# What is being asked
Look below for the line with "a bedroom with" and the line with "living area with"; repeat exactly those two lines and all lines between them, but no pictures.

# Dataset excerpts
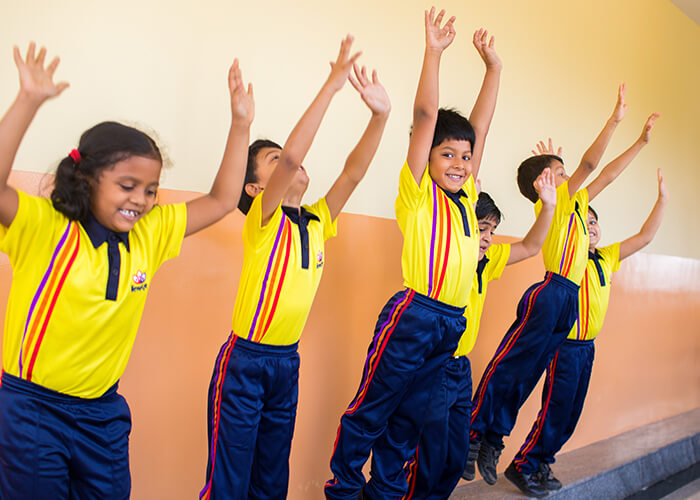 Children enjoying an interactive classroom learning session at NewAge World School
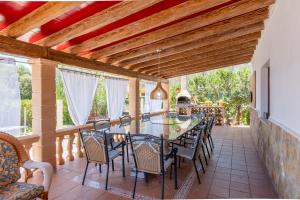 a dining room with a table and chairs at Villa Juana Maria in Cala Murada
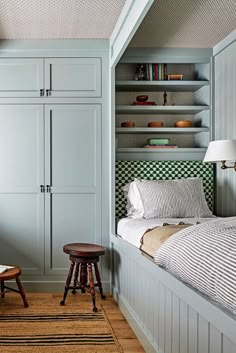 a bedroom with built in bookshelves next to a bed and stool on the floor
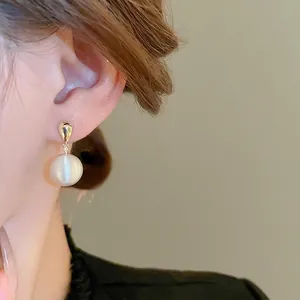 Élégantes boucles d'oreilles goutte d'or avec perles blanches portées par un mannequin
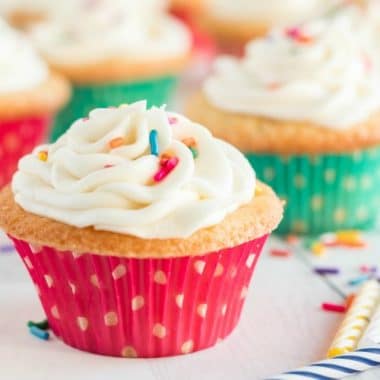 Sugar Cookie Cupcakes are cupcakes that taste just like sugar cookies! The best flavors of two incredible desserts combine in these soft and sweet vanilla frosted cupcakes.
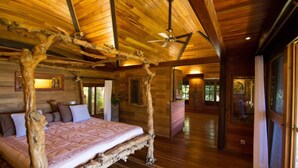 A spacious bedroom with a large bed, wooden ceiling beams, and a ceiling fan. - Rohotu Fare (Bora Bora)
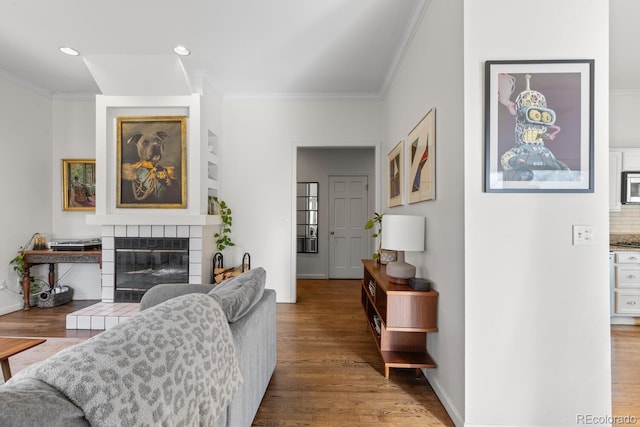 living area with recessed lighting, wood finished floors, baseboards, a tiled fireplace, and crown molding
* * *
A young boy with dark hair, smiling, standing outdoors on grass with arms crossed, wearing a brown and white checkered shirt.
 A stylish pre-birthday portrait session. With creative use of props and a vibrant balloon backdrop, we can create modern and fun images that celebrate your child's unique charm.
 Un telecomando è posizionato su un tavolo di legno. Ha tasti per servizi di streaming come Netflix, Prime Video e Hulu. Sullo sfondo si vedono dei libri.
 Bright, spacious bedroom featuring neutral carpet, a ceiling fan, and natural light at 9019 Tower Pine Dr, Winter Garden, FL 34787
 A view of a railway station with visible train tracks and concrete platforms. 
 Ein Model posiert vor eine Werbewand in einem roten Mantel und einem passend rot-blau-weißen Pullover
--
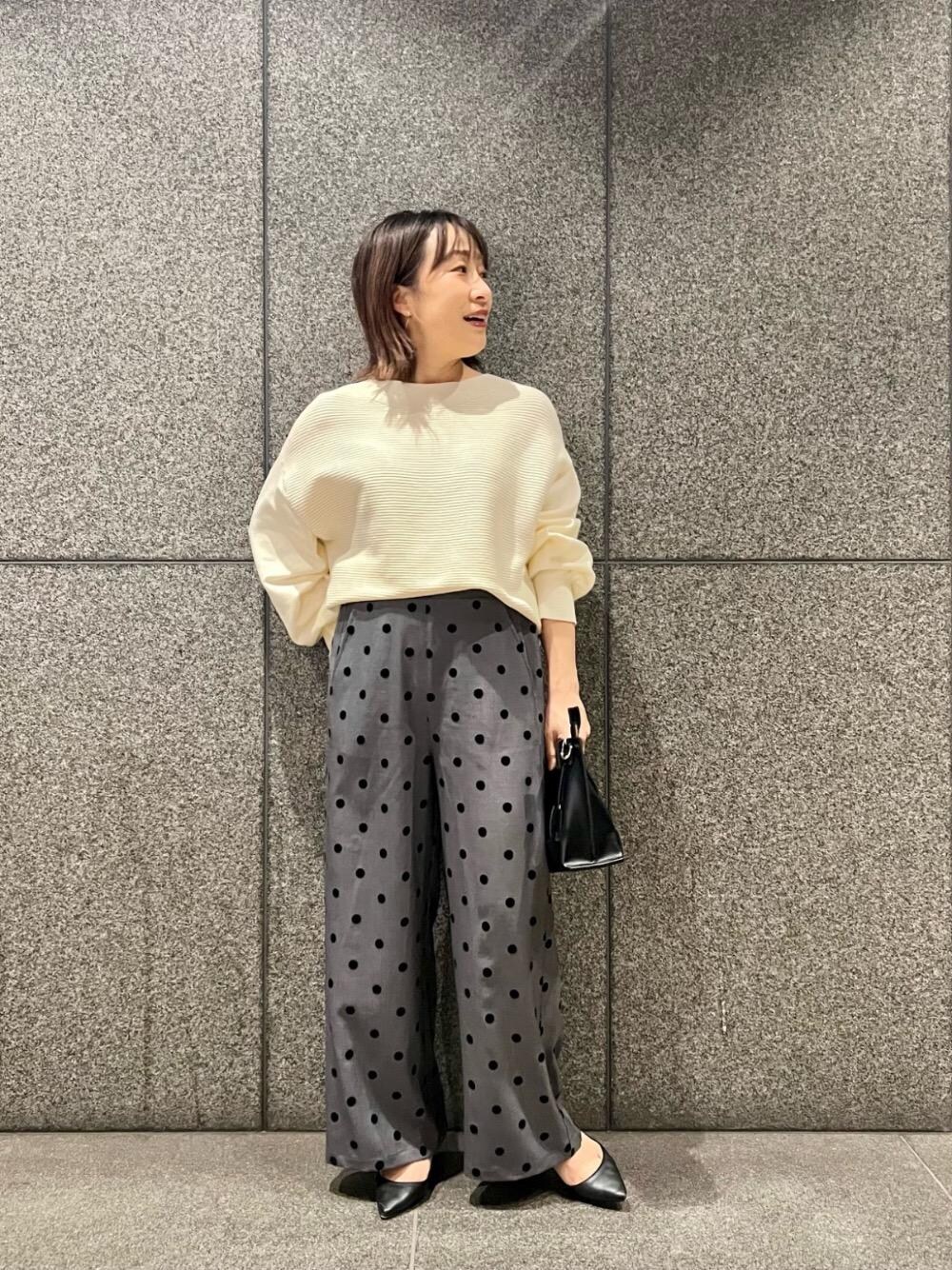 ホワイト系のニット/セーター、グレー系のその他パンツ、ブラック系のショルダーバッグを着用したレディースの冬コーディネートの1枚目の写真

# Output of the exercise
 a bedroom with built in bookshelves next to a bed and stool on the floor
 Élégantes boucles d'oreilles goutte d'or avec perles blanches portées par un mannequin
 Sugar Cookie Cupcakes are cupcakes that taste just like sugar cookies! The best flavors of two incredible desserts combine in these soft and sweet vanilla frosted cupcakes.
 A spacious bedroom with a large bed, wooden ceiling beams, and a ceiling fan. - Rohotu Fare (Bora Bora)
 living area with recessed lighting, wood finished floors, baseboards, a tiled fireplace, and crown molding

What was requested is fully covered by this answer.